*** Block opens ***

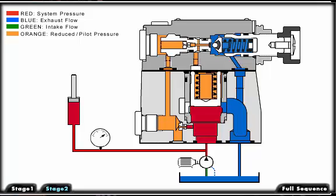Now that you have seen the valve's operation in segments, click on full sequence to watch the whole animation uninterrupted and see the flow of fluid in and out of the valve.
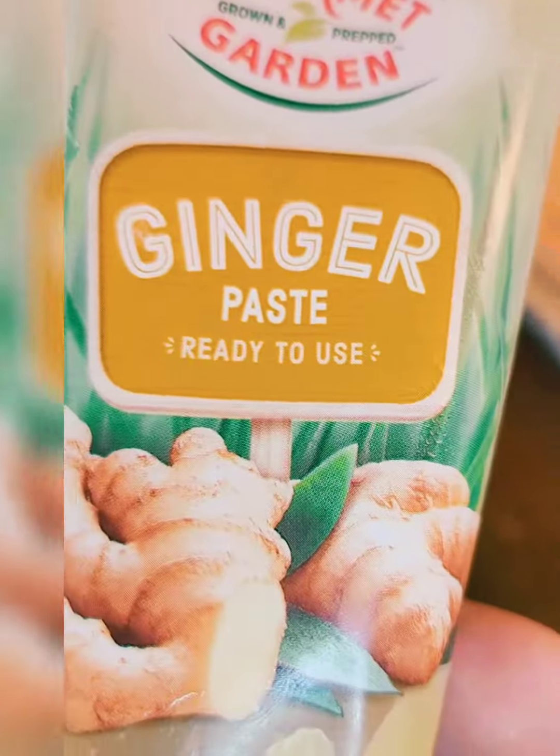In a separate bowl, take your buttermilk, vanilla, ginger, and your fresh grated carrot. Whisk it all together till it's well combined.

*** Block closes ***
*** Block opens ***

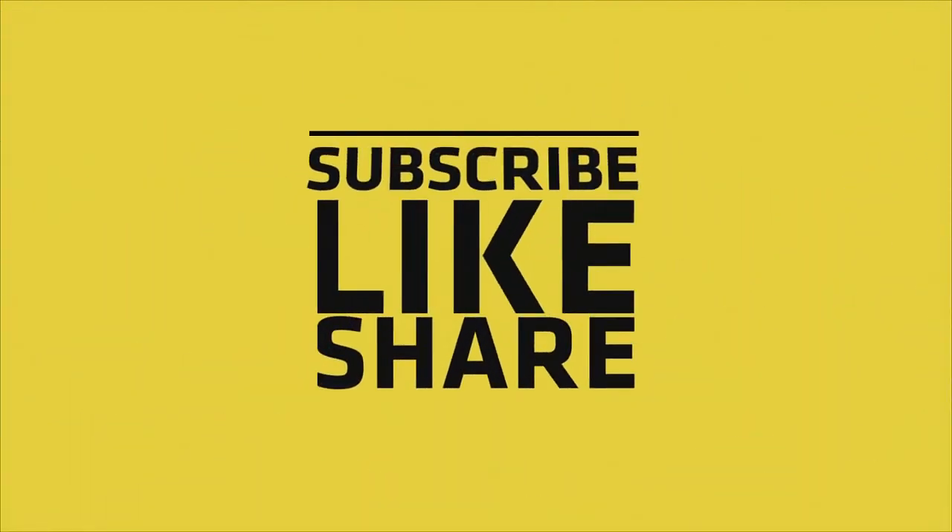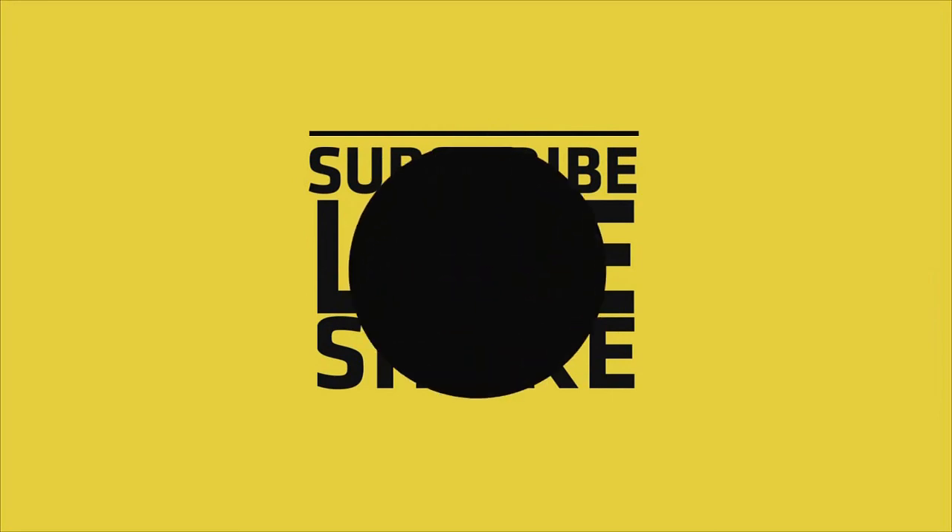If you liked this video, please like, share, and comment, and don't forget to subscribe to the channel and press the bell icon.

*** Block closes ***

In the records above, find the line with "Now that you" and the line with "In a separate". Write out exactly those lines and every one between, with no pictures and no other lines.

== EXERCISE RESPONSE ==
Now that you have seen the valve's operation in segments, click on full sequence to watch the whole animation uninterrupted and see the flow of fluid in and out of the valve.
In a separate bowl, take your buttermilk, vanilla, ginger, and your fresh grated carrot. Whisk it all together till it's well combined.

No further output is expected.